The iPhone radically changed our relationship to technology because it totally reframed our digital devices from tools we would occasionally use into basically being an extension of our person. Before the iPod, most personal tech felt like equipment or utilities, but with the iPod came personalized and portable capabilities.

I would argue that with the iPhone came communication, entertainment, navigation, and social lives. A user’s whole life could now be dealt with on a single device as opposed to several devices.

As a designer, I would say that the iPhone brought a culture shift. Before, designers in tech were more focused on task-centered endeavors, but now the iPhone has enabled us to think about experience-centered design. With a multi-touch interface, designers can now think more about gestures, animations, and flows.

Also, now with the iPhone, I would argue that designers have the larger, more daunting task of having to take into account the constant presence of their work. The nature of the iPhones now is that they can come anywhere we are, forcing us as designers to think about the many contexts their designs can live in. Whether the user is walking, community, at work, at home, or whatever the case may be, the designers have to take into account what their creations might be doing. This means thinking about micro-interactions, accessibility, interruptions, notifications, and a whole host of other features.

Another huge impact I would argue iPhone had on culture as we know it as especially design culture, is the fact that design is now expanded into ecosystems.
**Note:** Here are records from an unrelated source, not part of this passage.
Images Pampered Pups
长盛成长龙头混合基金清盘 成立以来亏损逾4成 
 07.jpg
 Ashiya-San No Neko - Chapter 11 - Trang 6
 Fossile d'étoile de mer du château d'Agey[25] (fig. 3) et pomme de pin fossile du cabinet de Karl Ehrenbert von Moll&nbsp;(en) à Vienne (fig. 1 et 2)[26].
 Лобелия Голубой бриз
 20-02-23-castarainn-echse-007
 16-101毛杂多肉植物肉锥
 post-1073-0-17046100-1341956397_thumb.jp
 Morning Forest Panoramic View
Famously, Apple hosts all kinds of products that can be synced together. Cross-device continuity is huge and is another thing designers must consider nowadays. It’s not always about the iPhone at times, sometimes it’s about how interactions will flow across the user’s other devices.

In the end, I would say that the iPod and iPhone didn’t just change phones; they changed expectations, behaviors, emotional relationships with technology, and so much more. For interaction designers, this means taking into consideration how to make experiences intuitive, contextual, human-centered, and integrated into everyday life, in ways larger than before.